» YOUR OBJECTIVE:
Reproduce the records exactly through the line with "Bague diamand, Enlèvement".

[Records from a data collection]
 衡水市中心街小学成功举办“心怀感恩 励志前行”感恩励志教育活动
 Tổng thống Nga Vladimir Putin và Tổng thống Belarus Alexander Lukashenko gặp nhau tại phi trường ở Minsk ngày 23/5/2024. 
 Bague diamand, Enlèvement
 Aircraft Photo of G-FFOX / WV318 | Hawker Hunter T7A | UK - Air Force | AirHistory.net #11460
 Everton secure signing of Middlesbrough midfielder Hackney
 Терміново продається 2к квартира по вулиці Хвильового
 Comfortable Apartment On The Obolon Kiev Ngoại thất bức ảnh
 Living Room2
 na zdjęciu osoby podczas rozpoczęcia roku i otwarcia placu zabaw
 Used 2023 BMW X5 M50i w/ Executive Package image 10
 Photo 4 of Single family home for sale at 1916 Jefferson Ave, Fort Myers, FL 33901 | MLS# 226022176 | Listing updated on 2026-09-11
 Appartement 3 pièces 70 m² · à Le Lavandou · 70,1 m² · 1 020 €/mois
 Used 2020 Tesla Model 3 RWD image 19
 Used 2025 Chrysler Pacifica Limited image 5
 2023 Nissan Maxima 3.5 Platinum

» WRITTEN RESPONSE:
 衡水市中心街小学成功举办“心怀感恩 励志前行”感恩励志教育活动
 Tổng thống Nga Vladimir Putin và Tổng thống Belarus Alexander Lukashenko gặp nhau tại phi trường ở Minsk ngày 23/5/2024. 
 Bague diamand, Enlèvement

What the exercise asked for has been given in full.